Start of Block

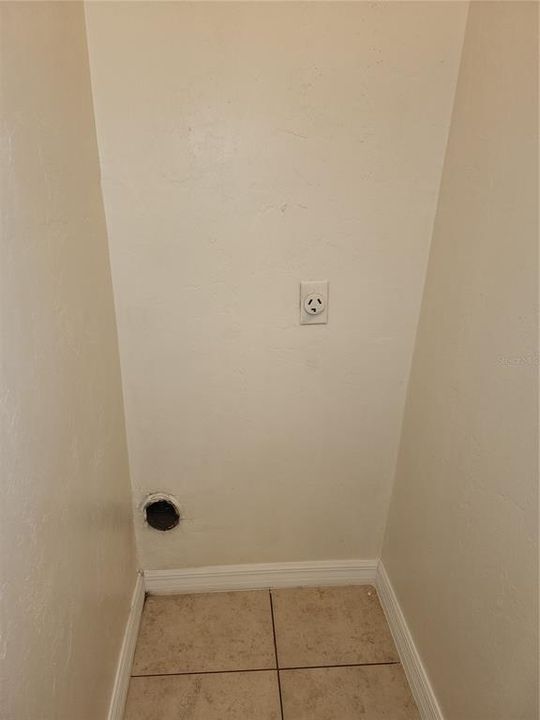 For Rent: $1,000 (2 beds, 1 baths, 837 Square Feet)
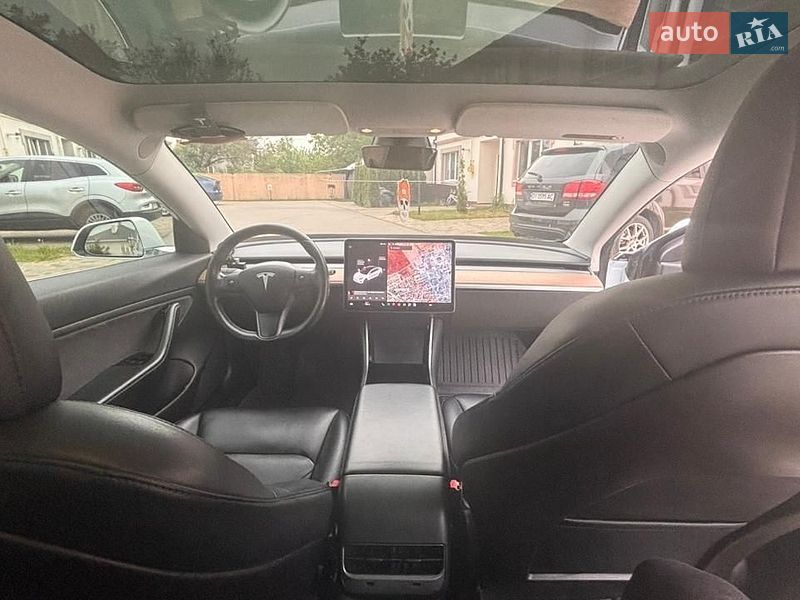 Седан Tesla Model 3 2018 в Борисполі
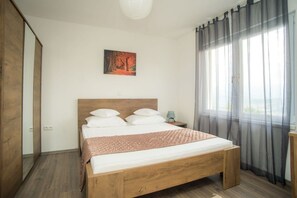 House | 3 bedrooms, iron/ironing board, free WiFi, bed sheets - Garden Lux Sarajevo (Sarajevo)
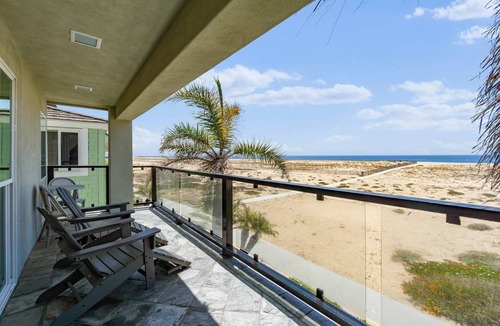 Balboa Peninsula House | 259 m² House ∙ 5 bedrooms ∙ 11 guests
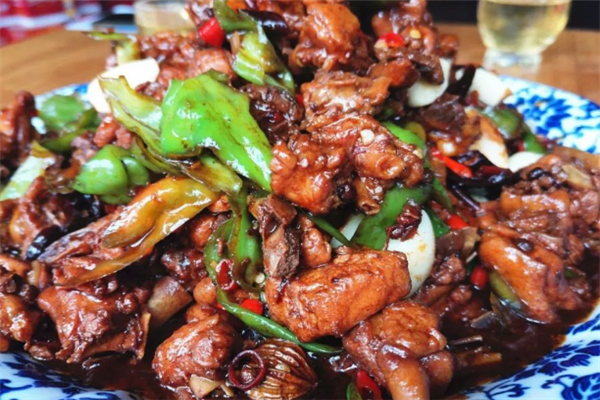烧土鸡美味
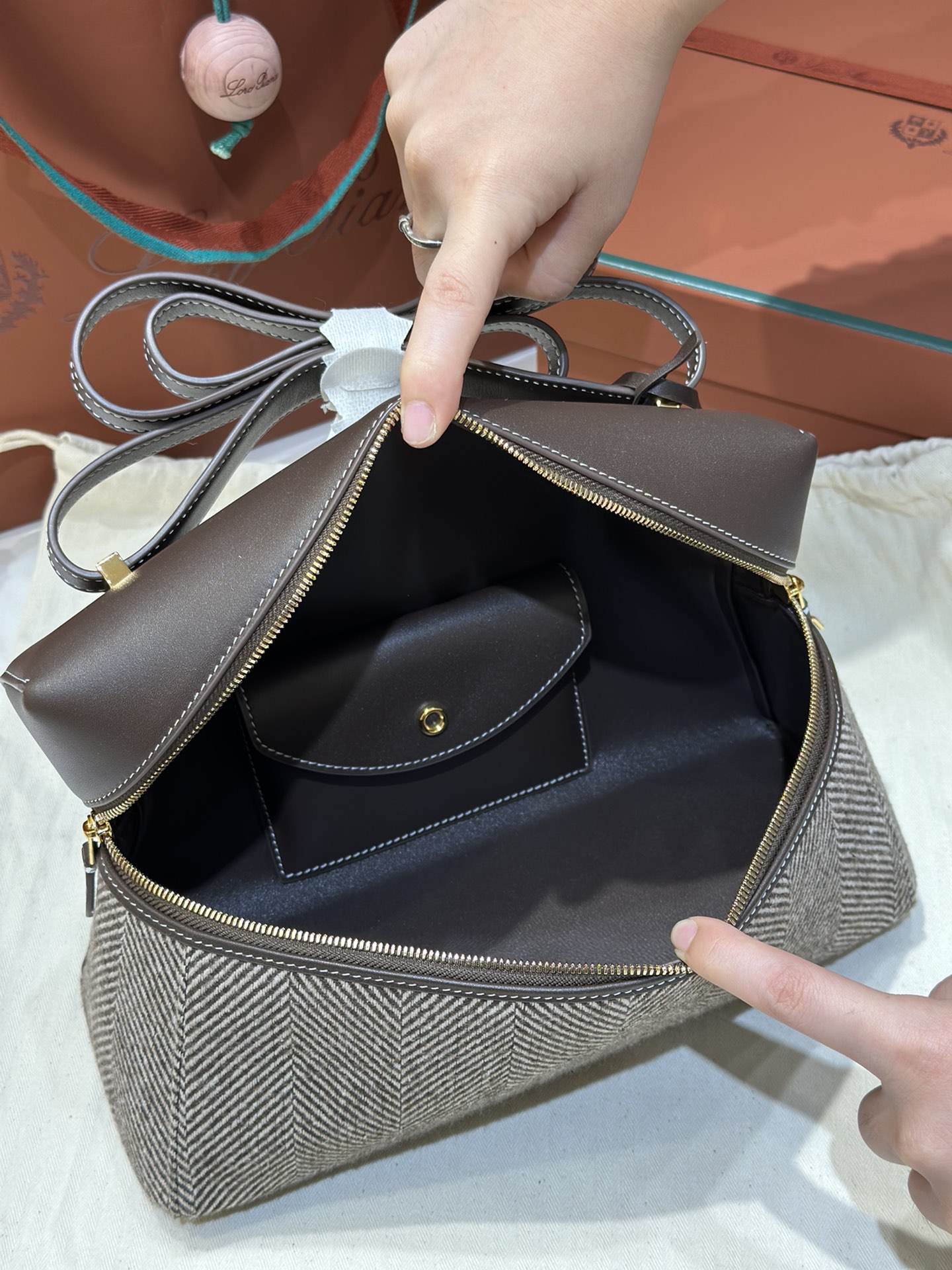 L0r0 P1ana Extra Bag L27-16*27*10CM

End of Block

Nothing but the lines from the line with "Balboa Peninsula House" through the end of the listing should appear in the answer, each duplicated exactly, without pictures.

## Solution to this exercise
 Balboa Peninsula House | 259 m² House ∙ 5 bedrooms ∙ 11 guests
烧土鸡美味
 L0r0 P1ana Extra Bag L27-16*27*10CM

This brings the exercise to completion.